But normalization doesn't always result in numbers between 0 and 1 and multiplication doesn't always result in numbers between 0 and 100.
Similarly, not all numbers constrained between 0 and 1 have been normalized and not all numbers constrained between 0 and 100 have been multiplied.
Add in the fact that the normalization statisticians most commonly use is z-score standardization (subtracting by the mean and dividing by standard deviation, resulting in data centered around 0), and you're going to end up with a lot of confusion. In fact, this example highlights that while normalization does mean "to scale" it doesn't mean that the result will always be bounded to a particular interval.
Perhaps I'm misunderstanding you, but with floating point, denormalized/denormal numbers aren't just numbers with a magnitude less than 1, they're numbers so small that it's no longer possible to adjust the exponent in the usual way, so leading zeroes are used in the mantissa.
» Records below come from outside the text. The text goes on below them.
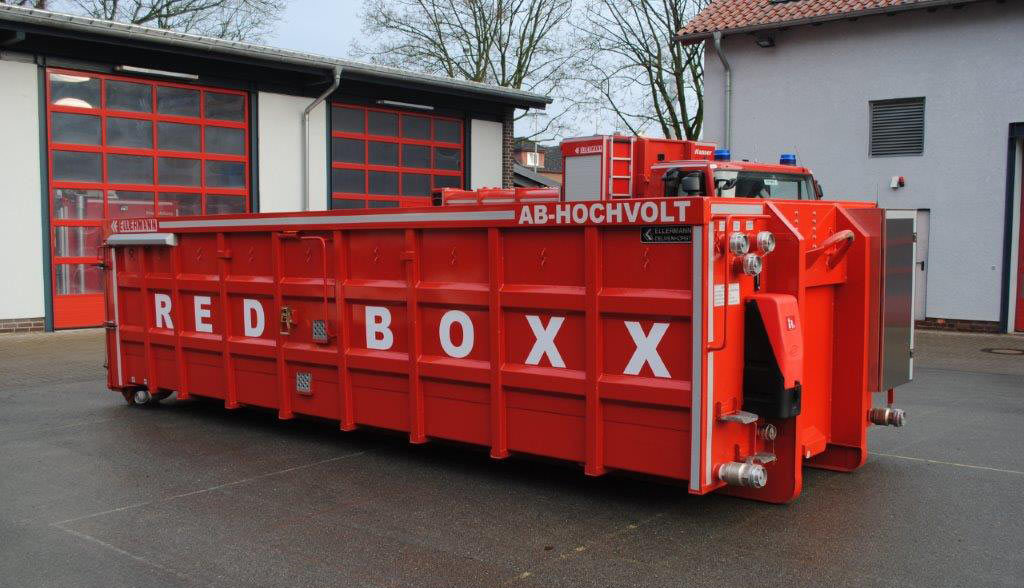 Elektroauto-Loesch-Container-Red-Boxx—1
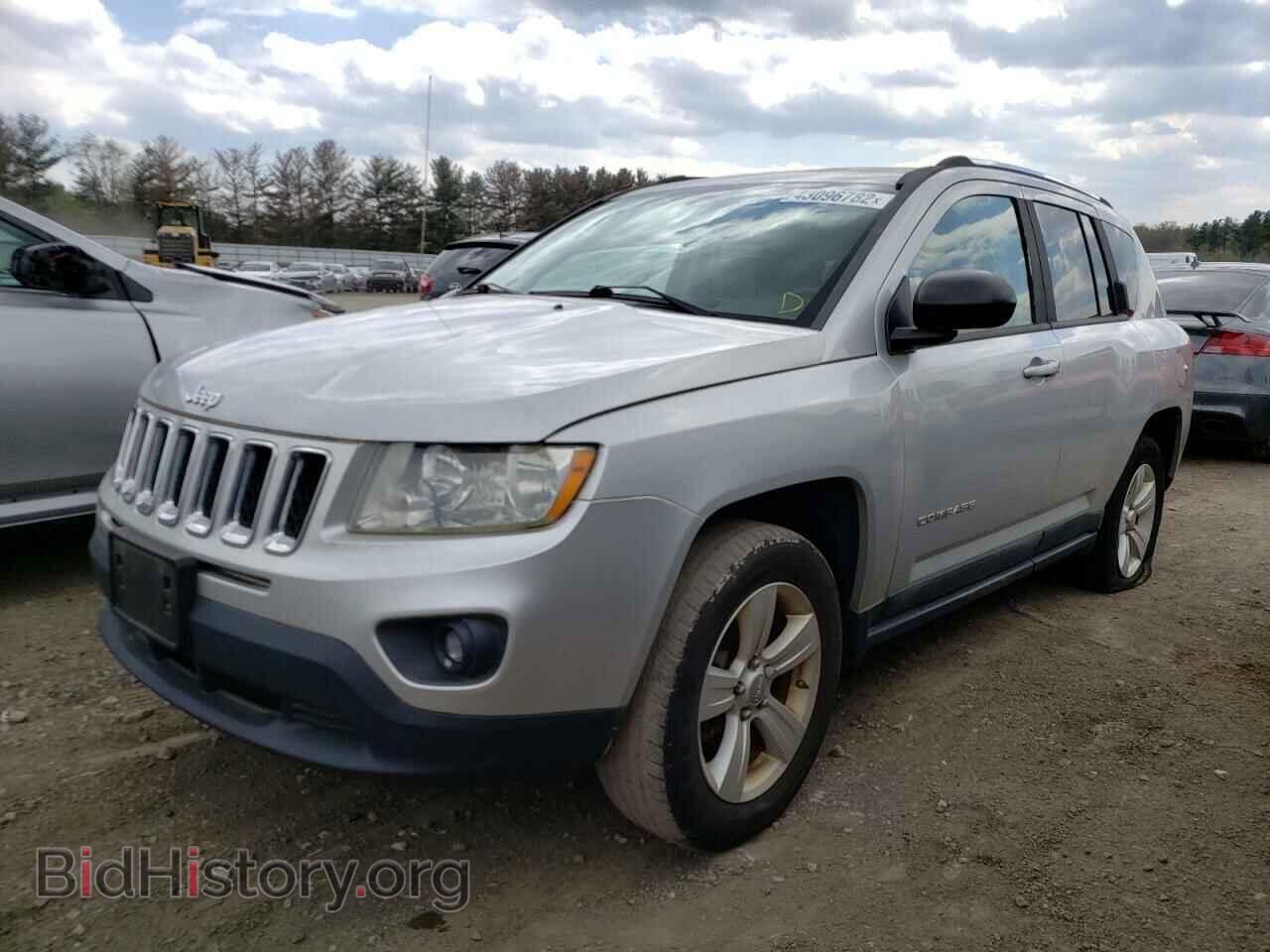 2011 JEEP COMPASS - VIN: 1J4NT1FB6BD246164 - Фото 2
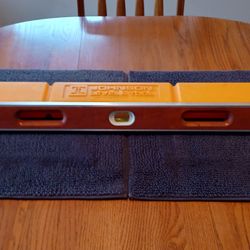 Johnson Wooden 48 Inch Level With A Protective Case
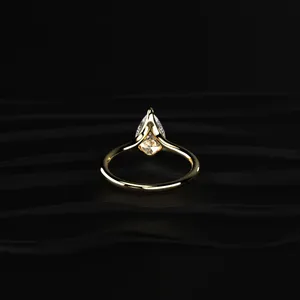 Anillo de Diamante Cultivado en Laboratorio con Corte Pera, 1CT, Color DE, Claridad VVS-VS, Certificado IGI, Conjunto de Anillos de Compromiso de Oro Amarillo - Product Image 4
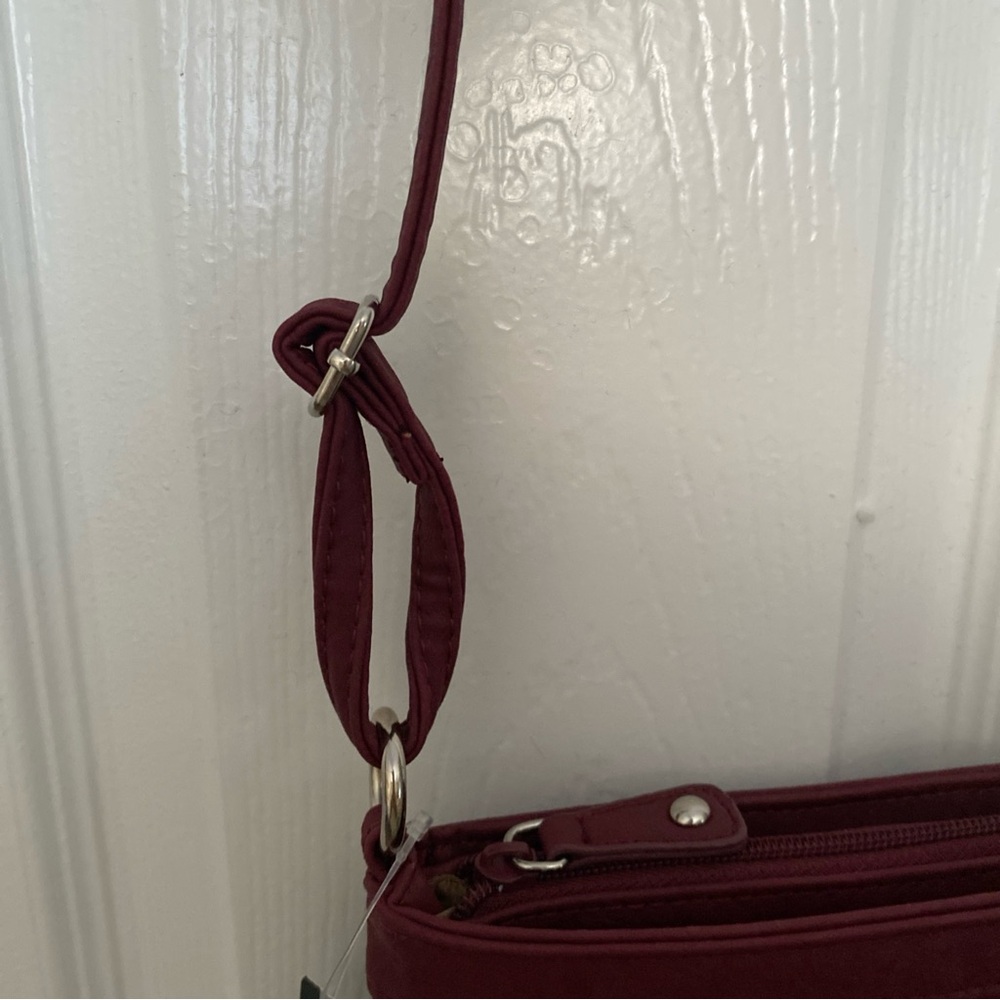 Elegant Burgundy Crossbody Bag - Picture 11 of 11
This reduces precision.
That's a good suggestion. 'Normalizing' is also used to refer to taking a vector and scaling it to make its length equal to 1. Google tells me it's also used in an analogous way elsewhere in maths.
I don't think "normalised" is specific enough. Normalising can refer to division by values other than the maximum. I'm also not convinced it implies non-negativity.
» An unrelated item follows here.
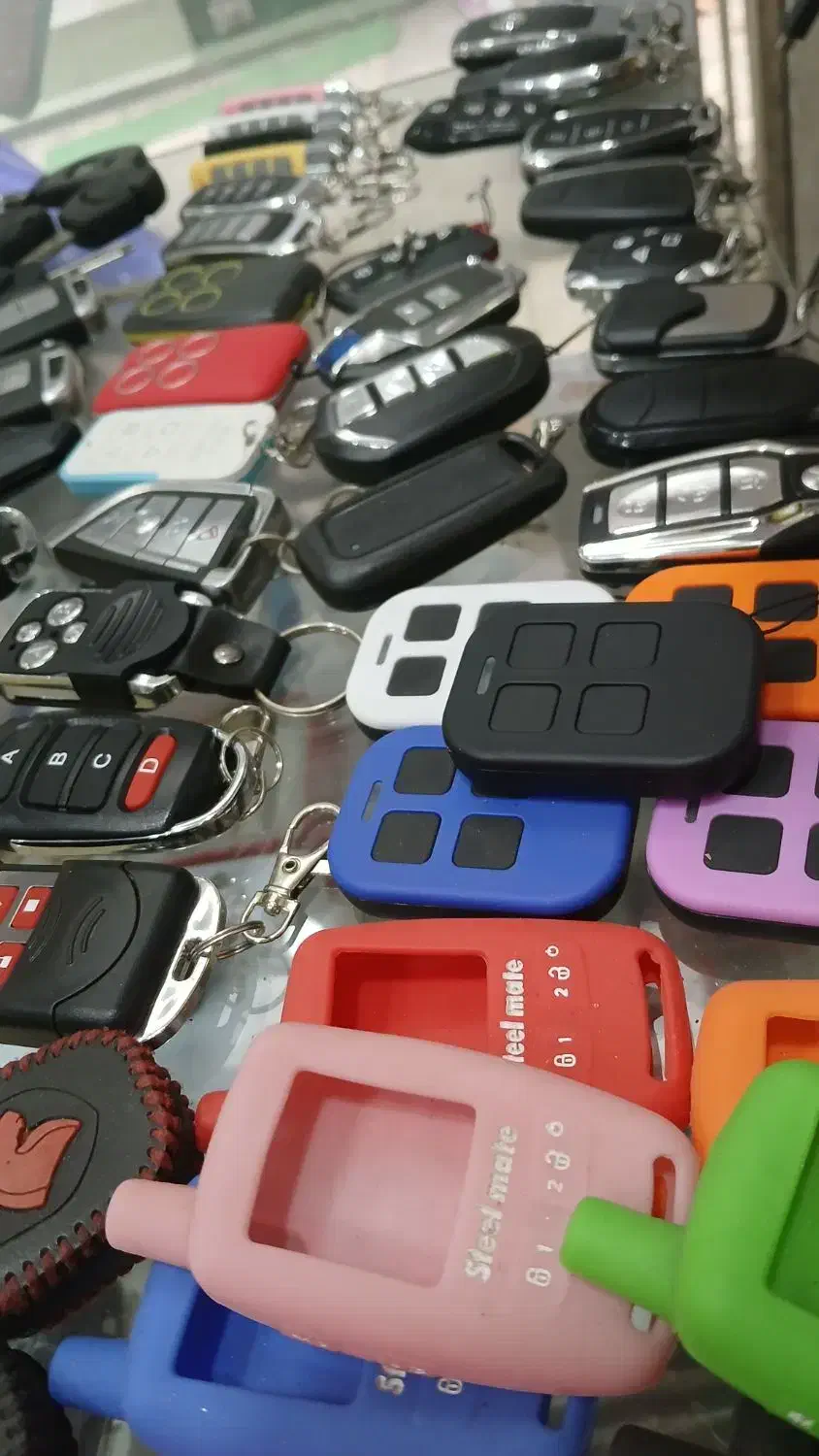 کلیدسازی|خدمات پیشه و مهارت|لاهیجان, کاروانسرابر|دیوار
That isn't the right term. The standard meaning of "normalisation" in most scientific and engineering domains is shifting and scaling to get the sample mean to 0 and sample standard deviation to 1. I.e. it will almost always include both negative numbers and numbers larger than 1.
I use this term for https://github.com/VCVRack/Rack. Sometimes I say "`x` is a normalized float between 0 to 1" to somewhat reveal the definition of the term.
You could also call that centred to clear up confusion, or mean-subtracted to be more specific. I think if you're specifically dealing with statistical quantities it should be obvious, e.g. standardised if you also scale to unit variance.
Personally if I saw normalised I would assume scaled by a constant, not offset (as in subtraction).
I typically use "_fraction" to indicate this in floating point variable names, along with a comment explicitly mentioning the range from 0 to 1 somewhere. Seems to minimize confusion pretty well.
I’ve also seen “fraction” used for this concept in Apple/NeXT APIs. E.g., “-[NSImage drawInRect:fromRect:operation:fraction:]” and “-[UIViewPropertyAnimator fractionComplete]”.
Shoot. I thought "Proportion" was the One True Correct word, but it's not.
Float values between 0 and 1 are very very useful, and I use them all over the place, and I actually thought everyone did (and everyone called them 'Proportions')
Unlike percentages, you can just multiply them with the number you want the 'proportion' of,
One of the answers was edited to “portion”, which is the same idea, I think either portion or proportion is elegant and simple. If anyone has been using proportion then I’d stick with that, though portion is nice and succinct.
In general usage, 'proportion' is not limited to the unit interval [1][2]. Offhand, however, I cannot think of a use of 'portion' that does not refer to part of a whole [3]. I think this is the best suggestion so far.
I like it, but as I do not work in a Dutch-speaking environment, if I were to do this, someone would eventually come along and 'fix' it (assuming I could get it through review in the first place.)
Not constrained to the interval [0,1], though: The change in the stockmarket was -5 percent or -0.05 perunage today, but +300 percent or +3 perunage over the last xyz years.
I like this idea, although I don't think English speakers would know how to pronounce "zadehan" by default. "Zadean" might be better. I don't think it will catch on, though, because "boolean" is really easy to say but "zadean" isn't.
I'd only use Zadehan if it not only was a value on the interval [0, 1] but a fuzzy membership value on that interval to which the Zadeh fuzzy logic operators apply.
If it was a probability value to which Bayesian operators apply, Zadehan would be a singularly inappropriate name for the type. Types aren't just ranges but they also define the valid operations (whether syntactically functions, methods, or operators) on the type.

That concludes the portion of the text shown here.